GU Monocerotis: A high-mass eclipsing overcontact binary in the young open cluster Dolidze 25

Context. The eclipsing binary GU Mon is located in the star-forming cluster Dolidze 25, which has the lowest metallicity measured in a Milky Way young cluster. Aims. GU Mon has been identified as a short-period eclipsing binary with two early B-type components. We set out to derive its orbital and stellar parameters. Methods. We present a comprehensive analysis, including B and V light curves and 11 high-resolution spectra, to verify the orbital period and determine parameters. We used the stellar atmosphere code FASTWIND to obtain stellar parameters and create templates for cross-correlation.
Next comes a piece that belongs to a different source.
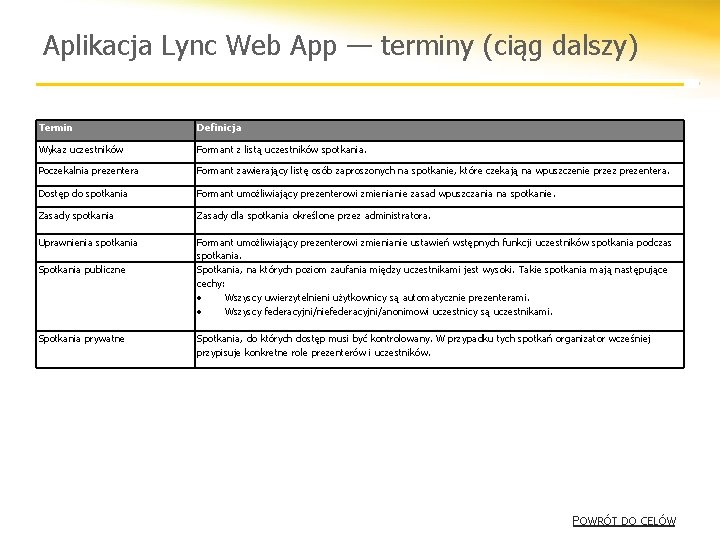 Aplikacja Lync Web App — terminy (ciąg dalszy) Termin Definicja Wykaz uczestników Formant z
We obtained a model to fit the light and radial-velocity curves using the Wilson-Devinney code iteratively and simultaneously. Results. The two components of GU Mon are identical stars of spectral type B1 V with the same mass and temperature. The light curves are typical of an EW-type binary. The spectroscopic and photometric analyses agree on a period of 0.896640 ± 0.000007 d. We determine a mass of 9.0 ± 0.6 M⊙ for each component and for temperatures of 28 000 ± 2000 K. Both values are consistent with the spectral type. The two stars are overfilling their respective Roche lobes, sharing a common envelope and, therefore the orbit is synchronised and circularised. Conclusions. The GU Mon system has a fill-out factor above 0.8, containing two dwarf B-type stars on the main sequence. The two stars are in a very advanced stage of interaction, with their extreme physical similarity likely due to the common envelope. The expected evolution of such a system very probably leads to a merger while still on the main sequence.